Listen up, short stuff. You’ve got to understand, the people in this country are a little backwards. They think that you can have a real full house with only two adults. And it works for them, because they’re not like us, and even if they try to tell you that you’re just like them, they’re wrong; don’t ever think otherwise. You are the child of the apocalypse, and it takes a special kind of family to raise such a child: it takes all seven of us.

Well. Except for Marat. We kind of had to raise him too.

And Andras wants to know, what about Violet, didn’t you have to raise her too?

To which Ƈhatma just laughs, and laughs, and laughs, and then passes him back to Tanwen and tells her to remind him that he’s still low man on the totem pole in this household, and that she should go to the school to talk to his teacher. Tanwen thinks that’s a good idea, until Julian reminds them that there are telephones here, and that she should use one of those instead. So she does, she calls the teacher, and has an incredibly awkward conversation that consists of the following:

Hi. My son came home from school on Thursday upset about the Mother’s Day project.

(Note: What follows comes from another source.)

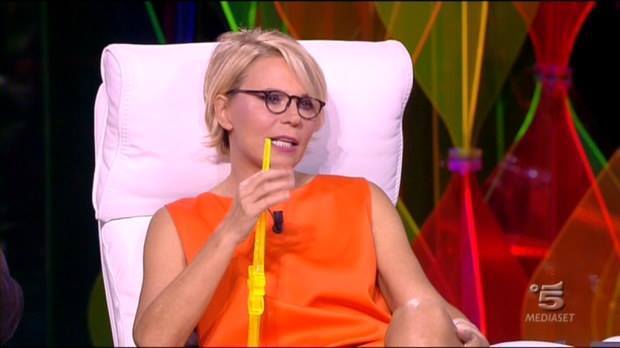 L'INASPETTATA REAZIONE DI MARIA DE FILIPPI DOPO UN'ESIBIZIONE SU ''TU SI QUE VALES'' - 27/10/2014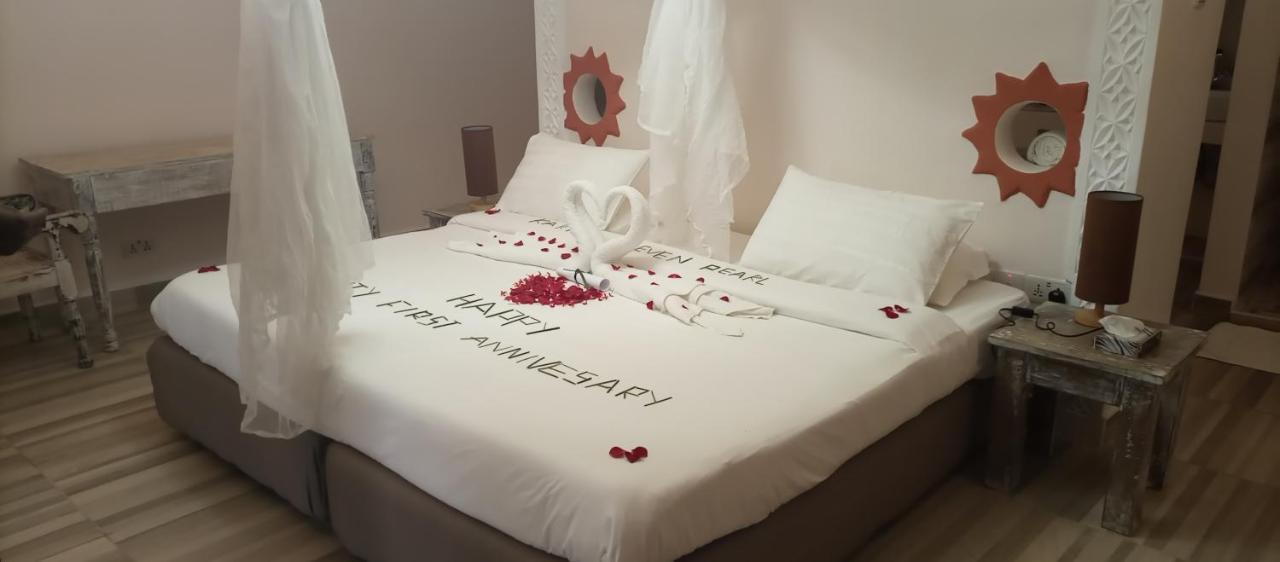 Eleven Pearl Boutique Hotel & Spa Diani Beach Exterior foto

Oh, Andras. Yes. What did he tell you?

He said that his friends kept telling him that he could only have two parents, and that one of us must not be a real parent. He then said that you told him to just pick anyone, and make a card for them.

… Yes, that’s more or less what happened. We didn’t have enough supplies for him to make two or three or however many.

Listen to me. Andras has two mothers. He has me, and he has my aunt Alanna. He has three men who have helped me to raise him in equal parts. They are all his parents just as much as me and my late husband, and I will not permit anyone else to tell him otherwise. This is a good country, Mrs. Green, and you should make contingency plans. Buy a few extra sheets of paper or whatever it is that you need, but do not let anyone feel left out for having a different family.

And then Tanwen hangs up and is pissed because she feels disrespected, and she has had enough in her life of the fucking disrespect, seriously, everyone needs to just get over themselves, and Ƈhatma, why couldn’t we have moved to your country?

Ƈhatma looks at her incredulously. Because there’s television here, he explains, as though it’s the most obvious thing in the world.